When I thought about this I looked at the board and lo and behold the player after me in position 1 had three completed yellow rooms and I recalled distinctly that I got paid off on the turn when he activated two of them. Not only did he buy three things, but the other players also bought stuff and I sold all but one of the tiles in front of me. That happened on turn 4 and it took me from nearly broke to rolling in cash.
Part of this was deliberate of course because I priced those yellow rooms to move. I wanted to get paid so I let people have some sweet buys to build up my bankroll. But part of it was just luck because those tiles might well have come out differently.
I think the key is that you want the player after you to buy yellow rooms.

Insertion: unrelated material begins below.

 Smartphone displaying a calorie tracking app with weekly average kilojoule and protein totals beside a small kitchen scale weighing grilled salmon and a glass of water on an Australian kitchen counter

When they do that you can set it up so that they have multiple good buys and make sure that the options get scarce, which means that other players after them will often end up paying more for things than they would otherwise. Cash itself may not be that great but I noticed during the game that I had plenty of chances to pay about X money for X points and that means that if I can sell an additional tile at 8 bucks it is absolutely amazing for me and could easily raise my final score by 8, assuming I am cash limited at any point.
Getting yellow rooms into the hands of the player after you is a hard thing to take advantage of. Aside from giving away yellow rooms for really cheap on your own master builder phase it isn't exactly an easy thing to do and is highly luck dependent. I think though that it strongly emphasizes the strength of giving people good deals on your turn when they have yellow rooms out no matter which seat they are in. You don't want to give away the farm obviously but if you make sure that they are at least strongly tempted to use both turns you rate to get paid. You can't afford to let them get a deal on a tile for 1 coin but any intermediate amount is pretty solid. The trick is that they are going to spend those turns buying stuff. Once they have the yellow room that much is a given. What you can control though is whether or not those extra turns and the associated income come to you, or to somebody else.

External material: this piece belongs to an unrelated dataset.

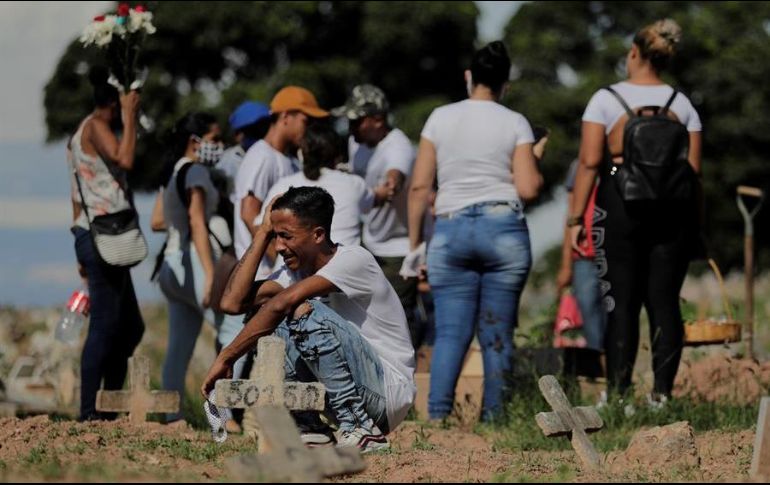 Una familia de venezolanos llora la muerte de su padre por coronavirus, durante el entierro en el cementerio de Caju en la zona norte de Río de Janeiro. EFE/A. Lacerda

That concept is a key thing to grasp in many games and I see a lot of players fail at it. They often see someone setting up something big and do everything they can to stop it but fail to consider whether or not that interference will actually work for the whole game. If someone sets up a big score and you know that they are going to cash in on it at some point you shouldn't desperately try to delay it; rather you should figure out how to cash in as much as possible personally when they finally do make their thing work. Making sure people with yellow rooms use them on your master builder turn to get yourself paid is a great example of this.
I agree that having someone use their extra turns when you're getting paid is strong.

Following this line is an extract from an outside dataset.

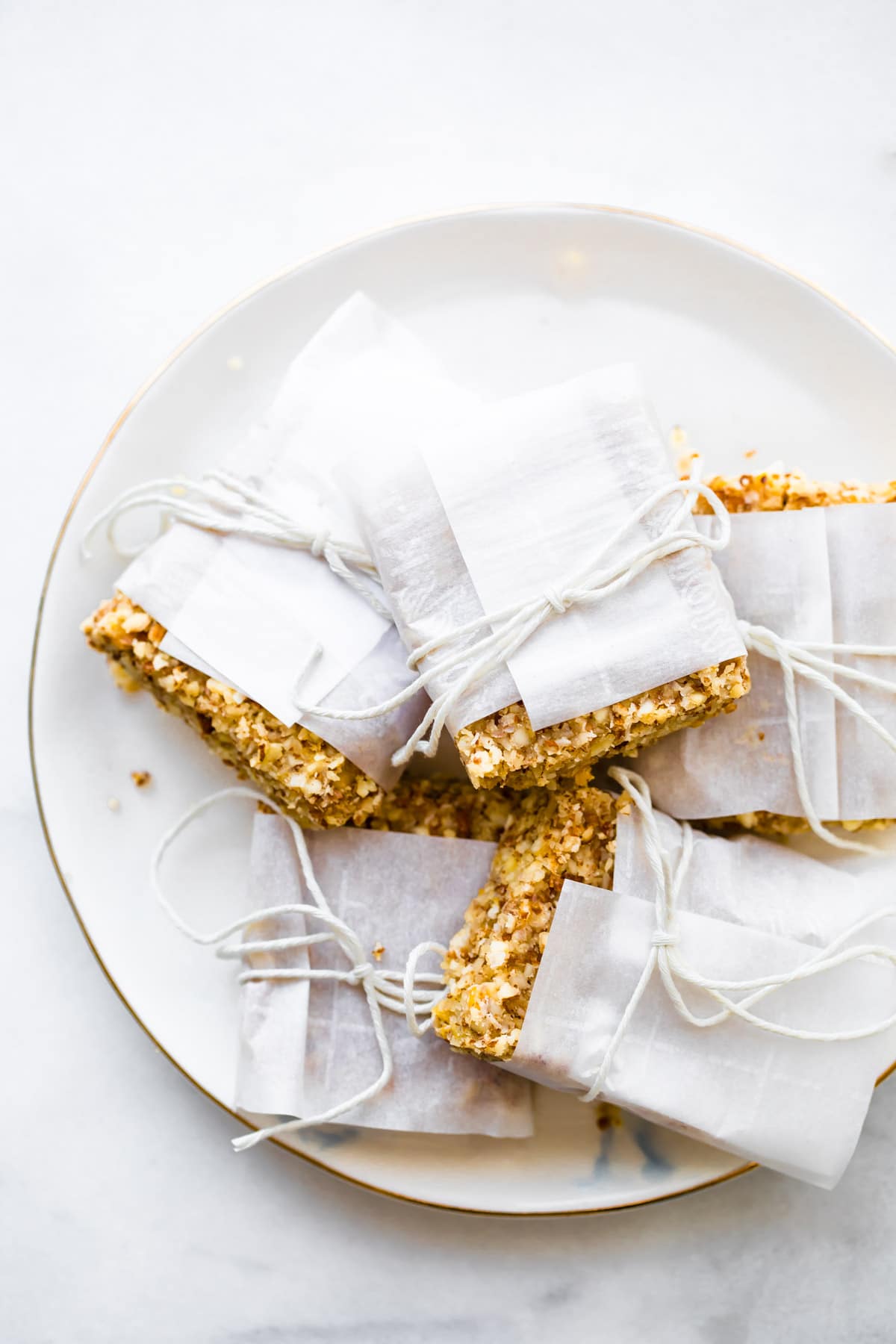 frosted no bake protein bars on a plate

ReplyDeleteI'm not sure it's something you can actually control or take advantage of. Giving away cheap yellow buildings either means you did it on your master builder turn (giving them 3 full turns to find a way to use that extra yellow turn before you get a chance to make money off them) or it means you personally declined to buy a cheap yellow building yourself in order to hook them up.
Now, maybe you're saying that cheap yellow rooms aren't actually that good for you, so you're happy to buy another room and hand that one off. The problem is the same logic should hold for them too, so there's no reason to assume lefty will just buy the cheap yellow room... They could also just pass it on!
Obviously I wasn't there are didn't see the game, but from your description and the problem that arose for player #2 relative to you... What if they had just taken 5 bucks on turn 4 when you sold 6 rooms?
As to your last question.... hard to extrapolate. She got a good buy, but if she had just passed it would have been a lot worse for me, no question.